[TASK GOAL] With the pictures left out, retype exactly the lines below starting at the line that contains "Guantes táctiles en" and ending at the line that contains "Country Living Wovendale".

[DATA PROVIDED]
================================
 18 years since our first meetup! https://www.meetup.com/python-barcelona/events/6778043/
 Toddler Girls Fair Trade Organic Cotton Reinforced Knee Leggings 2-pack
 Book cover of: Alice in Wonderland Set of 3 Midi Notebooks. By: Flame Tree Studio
================================
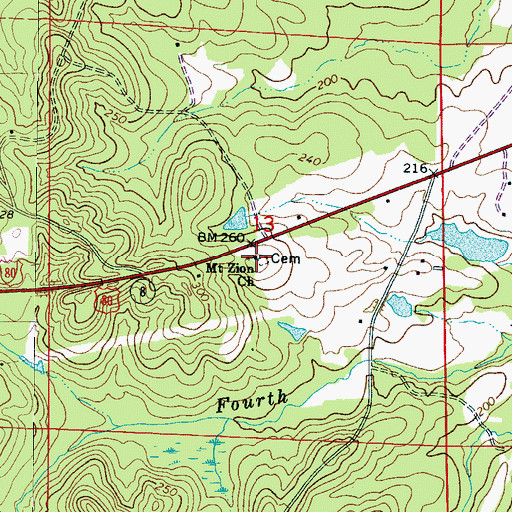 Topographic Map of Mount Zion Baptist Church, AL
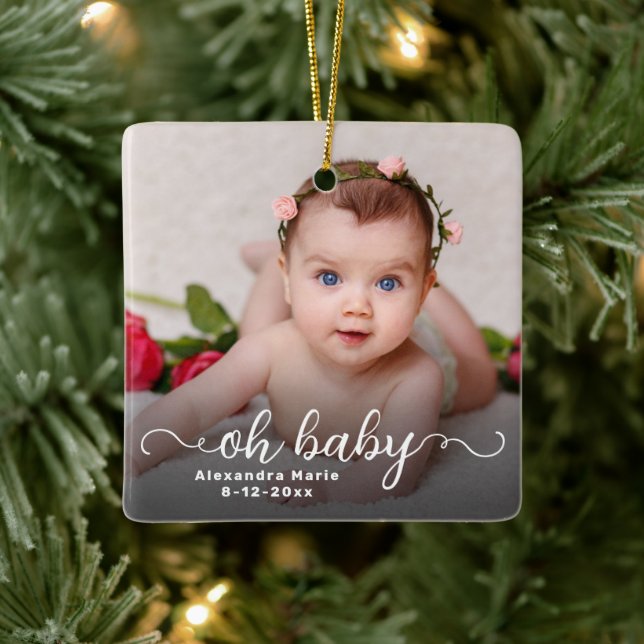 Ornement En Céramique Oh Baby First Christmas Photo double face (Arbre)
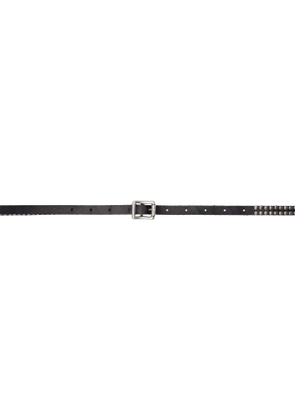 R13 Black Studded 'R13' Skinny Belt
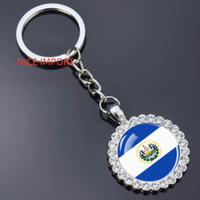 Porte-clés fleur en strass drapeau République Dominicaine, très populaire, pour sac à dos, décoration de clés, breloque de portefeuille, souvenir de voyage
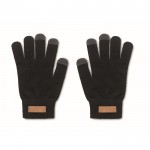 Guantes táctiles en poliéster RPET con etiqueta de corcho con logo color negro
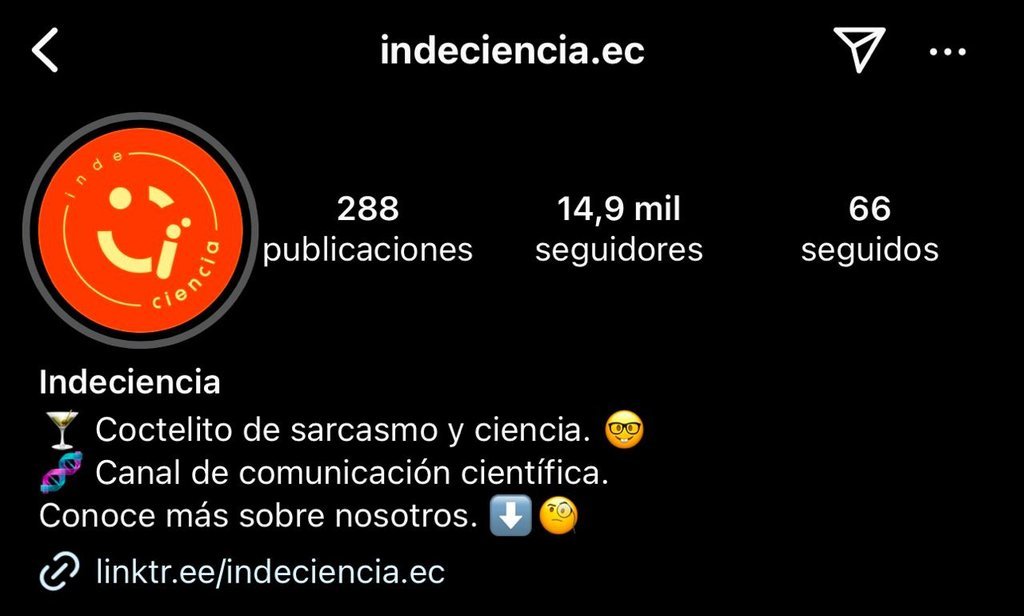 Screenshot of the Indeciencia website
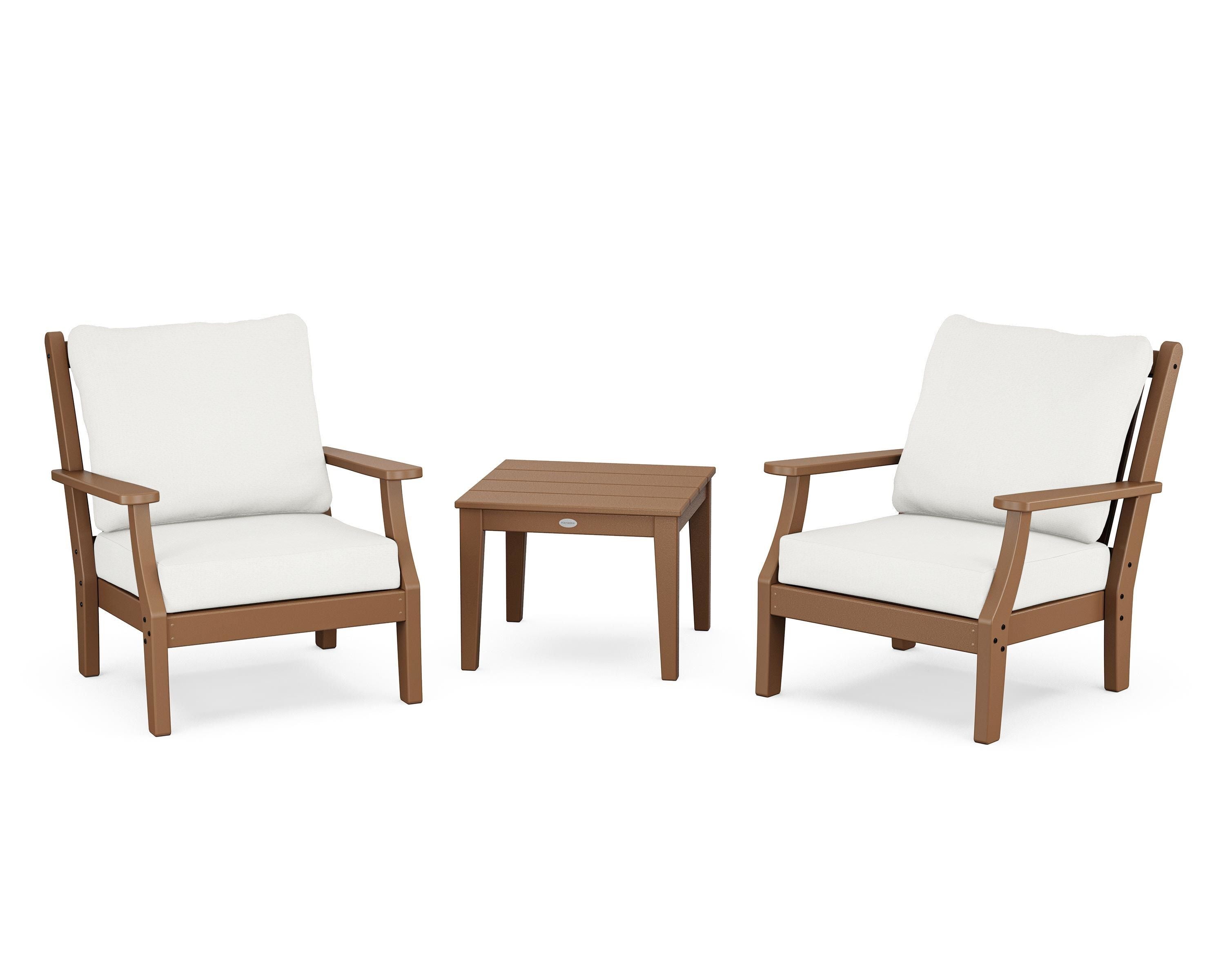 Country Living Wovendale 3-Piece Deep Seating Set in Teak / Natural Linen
================================
[RESPONSE]
 Guantes táctiles en poliéster RPET con etiqueta de corcho con logo color negro
 Screenshot of the Indeciencia website
 Country Living Wovendale 3-Piece Deep Seating Set in Teak / Natural Linen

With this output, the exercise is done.